▶ [Work required]: Look for the line with "J. Crew Dresses" in the entries below, then extract that line and all lines after it exactly, with pictures left out.

(Scraped caption text data)
▬▬▬
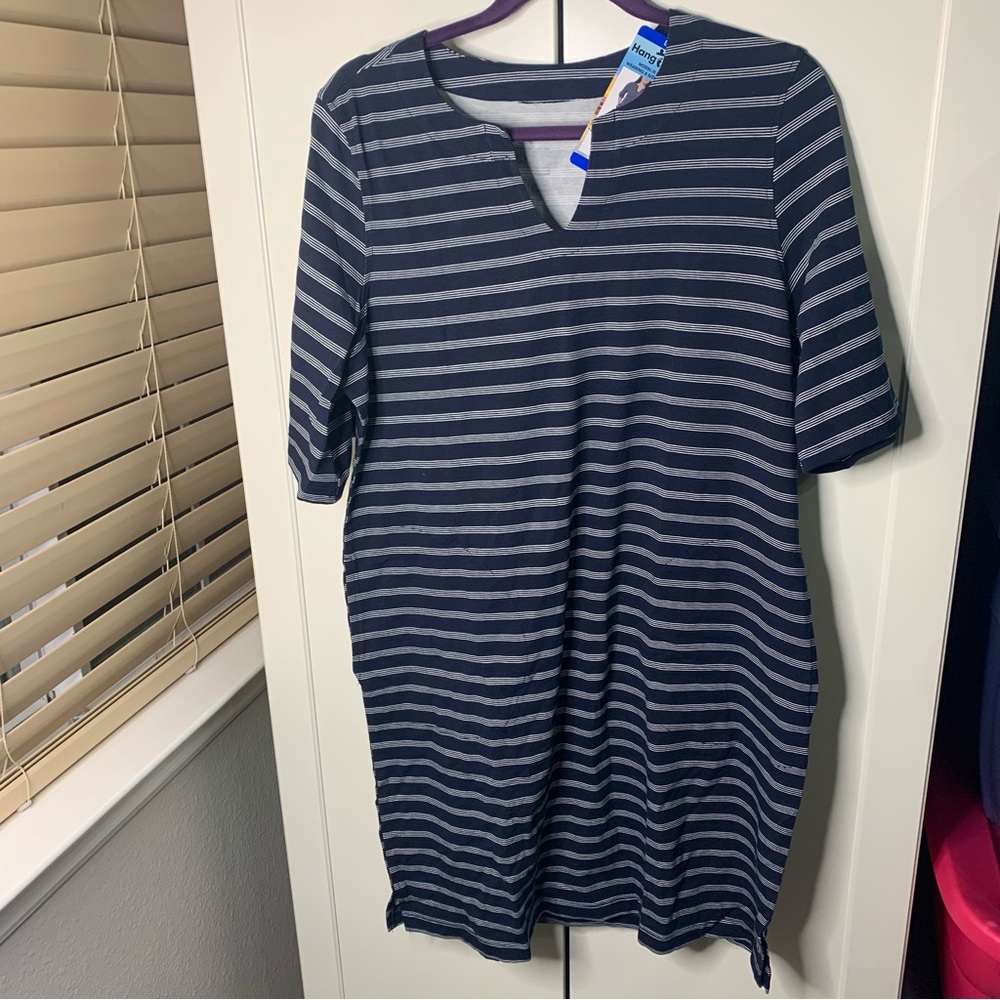 NWT Hang Ten 50+ UPF Cover-Up Dress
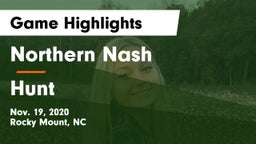 Northern Nash  vs Hunt  Game Highlights - Nov. 19, 2020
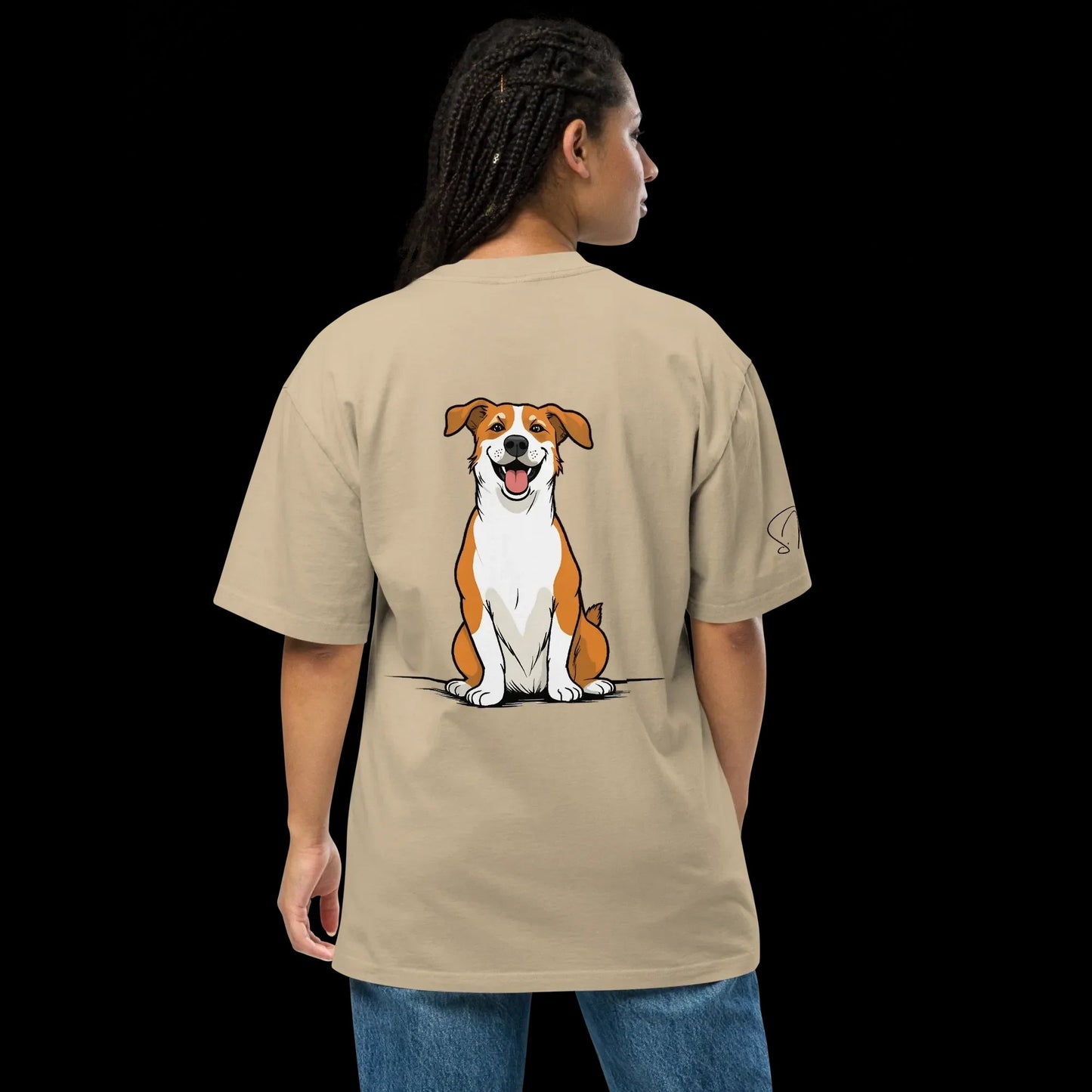 Oversized T-Shirt "true soul"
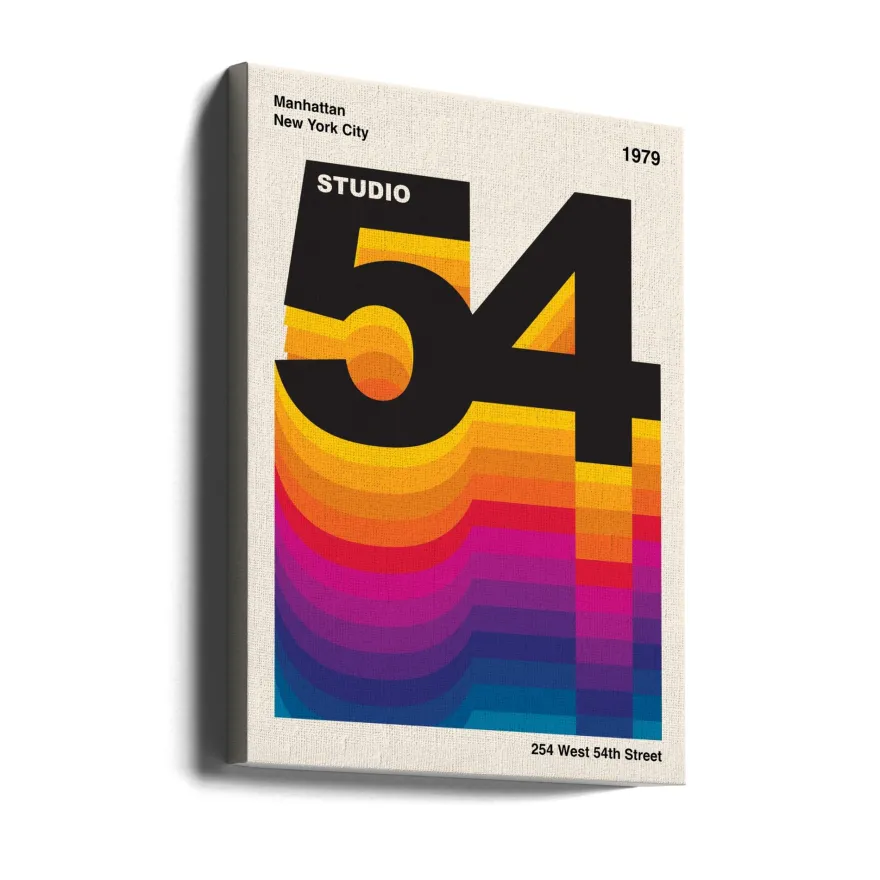 Studio 54 Retro Design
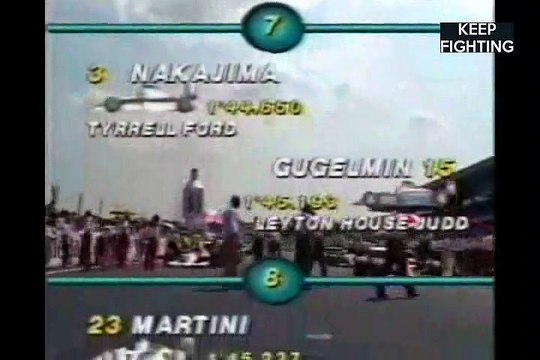 493 F1 9) GP d'Allemagne 1990 p1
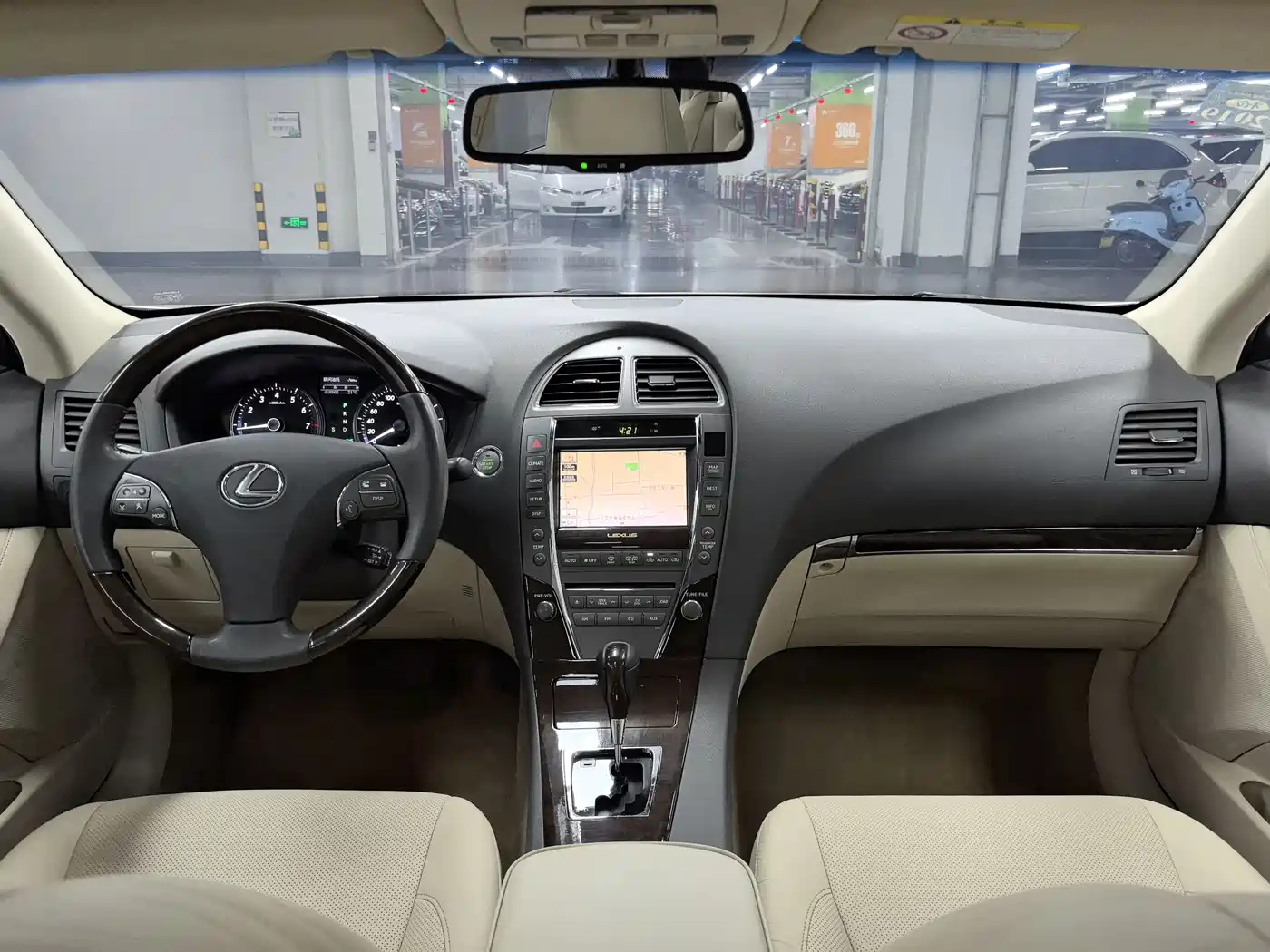 Lexus ES 2010 240 Luxury Edition фото 8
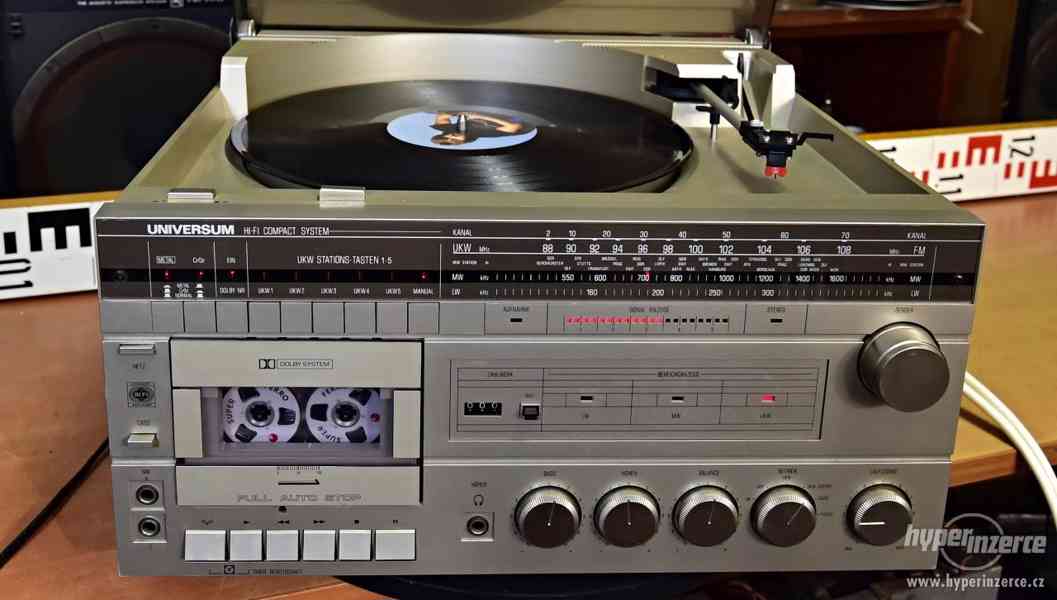 Universum Hifi Compact System VTCF 2026 Vintage Music Center - foto 1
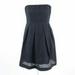 J. Crew Dresses | Jcrew Stylish/Adorable Strapless Dress | Color: Blue | Size: 6p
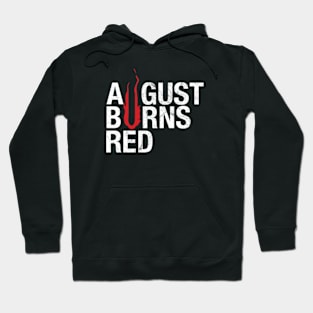 August Burns Red Grunge Hoodie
▬▬▬
▶ [Solution]:
 J. Crew Dresses | Jcrew Stylish/Adorable Strapless Dress | Color: Blue | Size: 6p
 August Burns Red Grunge Hoodie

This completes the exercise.